Work required: Transcribe only what runs from the line containing "1. Примеры задач" through the final line below, exactly, and leave every picture out.

Source material below:

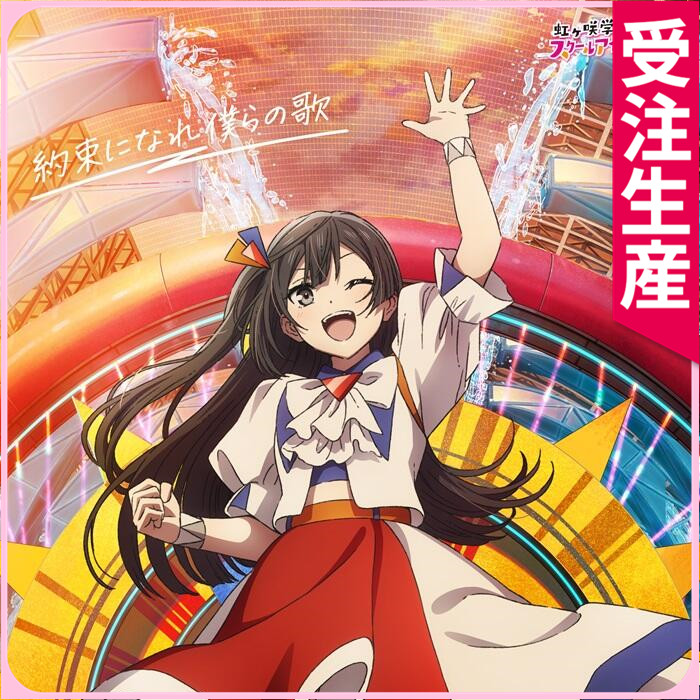 受注生産 『ラブライブ！虹ヶ咲学園スクールアイドル同好会 完結編 第2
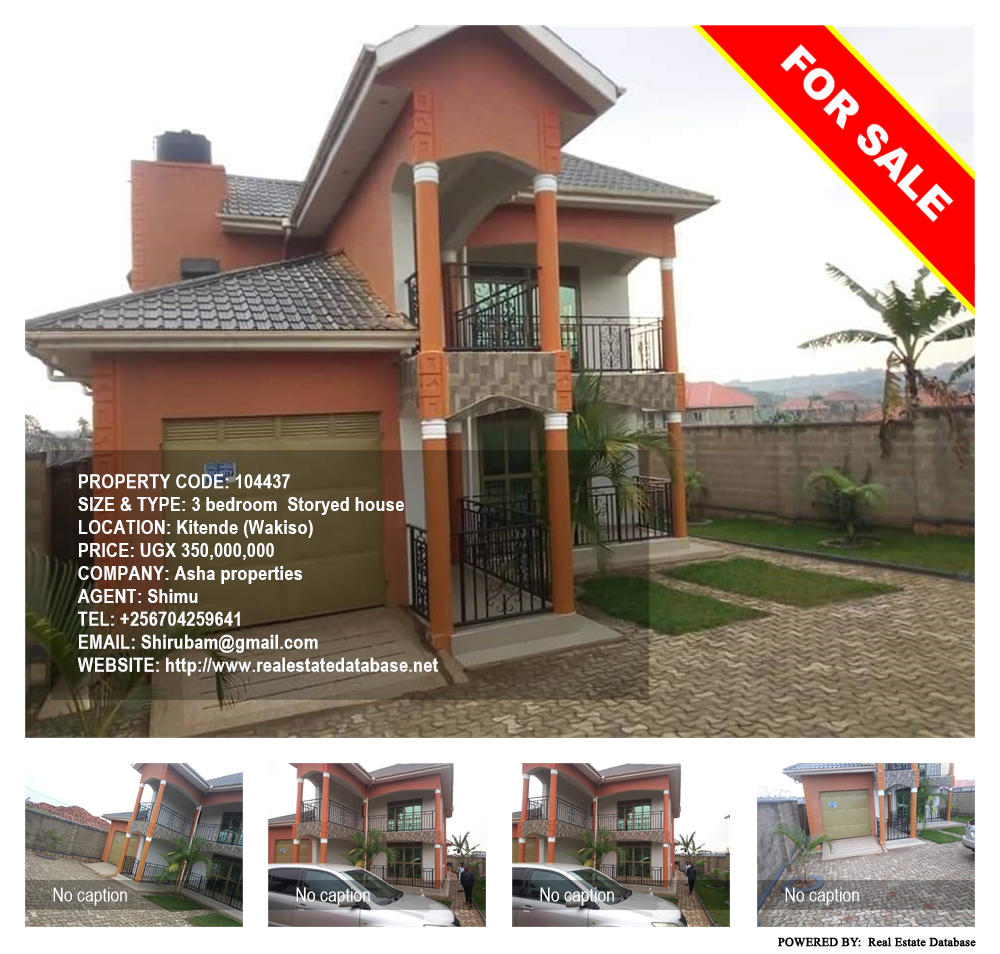3 bedroom Storeyed house  for sale in Kitende Wakiso Uganda, code: 104437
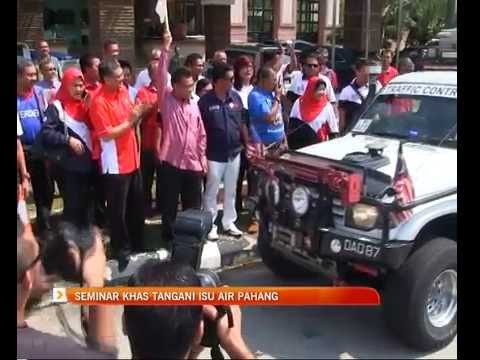 Seminar khas tangani isu air Pahang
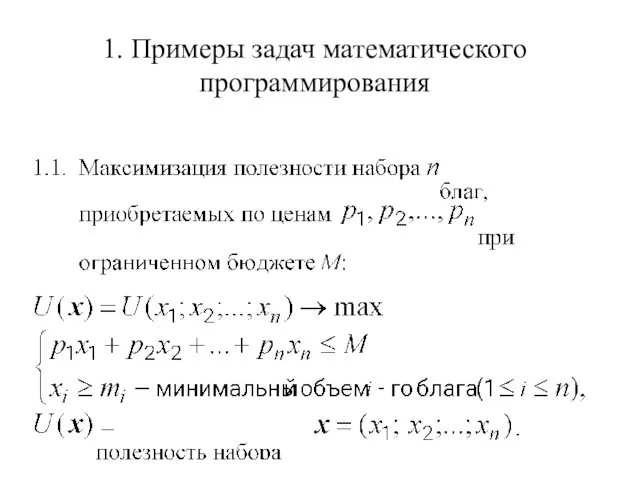 1. Примеры задач математического программирования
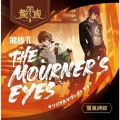 龍族II -The Mourner's Eyes- オリジナルサウンドトラック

End of Source material.

Exercise response:
 1. Примеры задач математического программирования
 龍族II -The Mourner's Eyes- オリジナルサウンドトラック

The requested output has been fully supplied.